Written By Michael Bunyard And Presented By Ziften CEO Chuck Leaver
Having a look through the Cisco 2015 Midyear Security Report, the consensus was that “the bad guys are innovating faster than the security community.” This is not an unique declaration and can be found in a great deal of cyber security reports, due to the fact that they are reactive documents to past cyber attacks.
If all you do is focus on unfavorable outcomes and losses then any report is going to look negative. The truth is that the vendors that are releasing these reports have a lot to gain from organizations that want to purchase more cyber security products.
If you look thoroughly within these reports you will discover excellent pieces of guidance that might considerably improve the security arrangements of your organization. So why do these reports not begin with this information? Well it’s everything about selling solutions isn’t it?

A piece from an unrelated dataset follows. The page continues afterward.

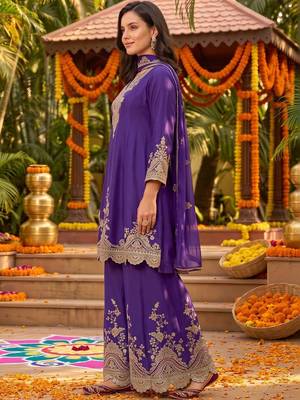 women ethnic motifs embroidered regular thread work kurta with palazzos & with dupatta 4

One anecdote stood out after checking out the report from Cisco that would be simple for company security teams to deal with. The increasing vulnerabilities and exploits of Adobe Flash were detailed, and they are being incorporated frequently into exploit kits such as Angler and Nuclear. The Flash Player is regularly updated by Adobe, however a variety of users are sluggish to apply these updates that would offer them with the protection that they need. This means that hackers are taking advantage of the space between the vulnerability being found and the upgrade patch being applied.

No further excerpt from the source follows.